Fue hace unos 40 años, cuando el Colegio de Arquitectos pelaba por poner a la ciudad en la vanguardia de la movida que se sacudía la caspa de la España franquista. Fue entonces cuando a su Comisión de Cultura se le ocurrió montar en sus instalaciones la performance de un bar de Torremolinos. Por una semana, la galería de arte del Colegio mutó en un garito del Bajondillo y todas las tardes un autobús recogió en la Costa a una nutrida colección de guiris sonrosados a los que se les encomendó completar el decorado bebiendo pintas de cerveza por unas horas.

El Colegio tenía aquellos años la capacidad de adivinar lo que ocurriría en el bar la Herradura del Palo el sábado pasado. Un bar de barrio donde comer un buen menú, en el que J D Meatyard arrancó un concierto de intérpretes variopintos. Al punk escoces, con 12 discos a su espalda y acompañado solamente de su guitarra, le siguió Rory, la versión irlandesa de Joe Cocker. Le acompañaba a la guitarra un francés de la Martinica y un fotógrafo español con la harmónica. Después, un catalán, una cubana, un sueco tocando blus y un canadiense cantando baladas de heavy metal solo podían tener como colofón a un representante de la fauna local que recitara sus propios versos. Tan variado elenco debía tener un público que estuviera a su altura. La fotografía de cualquiera de los allí presentes podría haber inspirado una novela que, recorriendo la geografía de los puertos europeos desde de Noruega hasta el Palo más profundo, se serviría acompañada de las mismas raciones de magro con tomate y pulpo frito que el personal de bar despachaba con la misma compostura que el menú de los martes.

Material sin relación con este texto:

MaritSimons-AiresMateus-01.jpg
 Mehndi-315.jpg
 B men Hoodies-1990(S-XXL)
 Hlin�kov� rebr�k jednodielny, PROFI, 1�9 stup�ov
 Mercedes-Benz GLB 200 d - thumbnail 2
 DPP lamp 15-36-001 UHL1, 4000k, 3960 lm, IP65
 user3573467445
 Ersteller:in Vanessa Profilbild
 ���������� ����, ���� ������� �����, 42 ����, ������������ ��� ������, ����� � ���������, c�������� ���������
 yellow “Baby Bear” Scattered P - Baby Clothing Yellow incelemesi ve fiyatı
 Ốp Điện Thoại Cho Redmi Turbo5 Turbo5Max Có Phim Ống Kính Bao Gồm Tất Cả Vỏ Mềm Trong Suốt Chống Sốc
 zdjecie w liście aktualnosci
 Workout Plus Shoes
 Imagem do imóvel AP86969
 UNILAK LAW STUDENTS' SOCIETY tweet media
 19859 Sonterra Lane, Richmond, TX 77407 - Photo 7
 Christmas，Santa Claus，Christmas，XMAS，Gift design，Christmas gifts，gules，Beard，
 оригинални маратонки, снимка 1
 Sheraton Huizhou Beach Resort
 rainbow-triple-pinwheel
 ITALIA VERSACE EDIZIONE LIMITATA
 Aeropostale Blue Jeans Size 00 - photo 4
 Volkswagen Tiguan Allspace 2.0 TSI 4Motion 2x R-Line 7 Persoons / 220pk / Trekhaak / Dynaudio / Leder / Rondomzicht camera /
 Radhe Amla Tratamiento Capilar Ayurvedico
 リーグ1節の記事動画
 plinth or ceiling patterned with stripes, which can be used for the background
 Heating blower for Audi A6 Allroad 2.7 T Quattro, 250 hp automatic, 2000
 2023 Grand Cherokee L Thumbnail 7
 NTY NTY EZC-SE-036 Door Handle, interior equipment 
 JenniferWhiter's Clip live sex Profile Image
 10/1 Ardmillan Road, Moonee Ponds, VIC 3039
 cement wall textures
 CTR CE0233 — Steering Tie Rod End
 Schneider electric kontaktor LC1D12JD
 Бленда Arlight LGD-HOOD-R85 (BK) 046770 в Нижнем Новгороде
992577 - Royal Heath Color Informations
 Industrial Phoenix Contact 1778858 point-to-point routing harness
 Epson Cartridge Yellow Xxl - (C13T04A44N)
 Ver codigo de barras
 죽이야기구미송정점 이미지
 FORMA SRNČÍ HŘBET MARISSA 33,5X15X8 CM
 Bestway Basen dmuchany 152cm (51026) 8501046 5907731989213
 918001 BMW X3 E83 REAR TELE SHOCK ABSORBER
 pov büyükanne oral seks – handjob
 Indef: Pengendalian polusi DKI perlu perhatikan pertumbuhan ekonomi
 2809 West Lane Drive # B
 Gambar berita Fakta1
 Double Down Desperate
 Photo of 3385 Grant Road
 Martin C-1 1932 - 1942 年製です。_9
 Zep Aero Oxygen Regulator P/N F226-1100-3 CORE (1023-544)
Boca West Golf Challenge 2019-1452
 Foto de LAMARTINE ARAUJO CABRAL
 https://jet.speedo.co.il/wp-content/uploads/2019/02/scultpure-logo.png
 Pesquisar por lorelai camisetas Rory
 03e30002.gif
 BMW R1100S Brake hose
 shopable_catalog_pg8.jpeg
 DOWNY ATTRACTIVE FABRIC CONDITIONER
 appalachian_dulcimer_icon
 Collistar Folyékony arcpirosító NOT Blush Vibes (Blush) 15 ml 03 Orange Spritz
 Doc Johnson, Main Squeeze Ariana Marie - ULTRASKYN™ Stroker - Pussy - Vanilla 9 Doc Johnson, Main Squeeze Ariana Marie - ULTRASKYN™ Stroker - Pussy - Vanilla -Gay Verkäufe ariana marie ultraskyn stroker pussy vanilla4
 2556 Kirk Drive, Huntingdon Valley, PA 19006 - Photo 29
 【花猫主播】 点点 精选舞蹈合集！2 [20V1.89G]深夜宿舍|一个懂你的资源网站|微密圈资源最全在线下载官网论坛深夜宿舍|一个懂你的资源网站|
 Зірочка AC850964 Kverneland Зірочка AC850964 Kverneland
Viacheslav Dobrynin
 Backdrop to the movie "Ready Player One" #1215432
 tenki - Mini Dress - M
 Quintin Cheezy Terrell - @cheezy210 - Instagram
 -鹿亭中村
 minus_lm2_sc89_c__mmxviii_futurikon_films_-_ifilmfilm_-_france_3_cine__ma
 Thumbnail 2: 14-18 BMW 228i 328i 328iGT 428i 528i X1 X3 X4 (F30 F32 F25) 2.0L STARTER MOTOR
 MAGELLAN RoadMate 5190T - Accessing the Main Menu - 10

Y todo era normal y nadie estaba fuera de sitio. Porque las ciudades que están realmente vivas generan sus propios eventos fuera de los circuitos institucionales. Cuando esto ocurre, si la dinámica más comercial priva de la vida de sus vecinos a una determinada área, esta aparece en otra. Hace 30 años, este concierto, o lo que fuera que ocurriese en ese bar, se habría producido en un pub de calle Beatas o Madre de Dios. Hoy, en un centro consagrado a las franquicias, es prácticamente imposible una actividad de esta espontaneidad. Una actividad que ya solo puede producirse en las afueras de cualquiera de esas ciudades que han convertido sus centros en alojamientos para las mismas marcas y transmutan al barrio en el Palomolinos de esta década.